> but I'm definitely an outlier for that

You are not. I prefer the same and that's how my product works right now. My HTTP API is Vert.x-only with futures. My particular use case is thousands of devices sending small packages to the API in undefined periods of time or in bursts, so I find Vert.x event-loop performance quite a good match for my use case. In fact it has been very positive given customer feedback thusfar.

Background tasks in my app are processed in a different module, which uses plain old ScheduledExecutorService-based thread pool to poll. The tasks are visible in the UI as well. I still haven't switched to VTs, because I don't know what load-implications that may have on the database pool. The JEP writes `Do not pool virtual threads` [0]. I assume if a db connection is not available in the pool, the VT will get parked, but I feel this isn't quite what a background scheduler should look like, e.g., hundreds of "in-process" tasks blocked while waiting for db connection to free up. Testing is on my todo list for some time now.

The JEP doesn't mention epoll, but there is a write up about that on github: `On Linux the poller uses epoll, and on Windows wepoll (which provides an epoll-like API on the Ancillary Function Driver for Winsock)` [1]

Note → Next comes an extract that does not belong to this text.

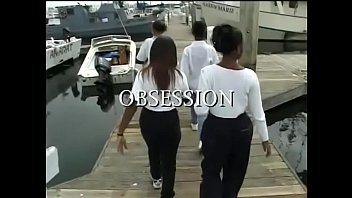 Preview 1 of Aadmi Nasbandi - Ebony gets pussy bent over and fucked hard by white cock outside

0 - https://openjdk.org/jeps/444#Do-not-pool-virtual-threads

1 - https://gist.github.com/ChrisHegarty/0689ae92a01b4311bc8939f...

Glad I'm not alone! I find having the actual asynchrony itself as an object I can play with to allow for for some nice fine-grained concurrency and allows me to be very explicit about when blocking happens.

It makes sense that they would use epoll under the covers; I would have been surprised if they weren't using epoll or io_uring/kqueue.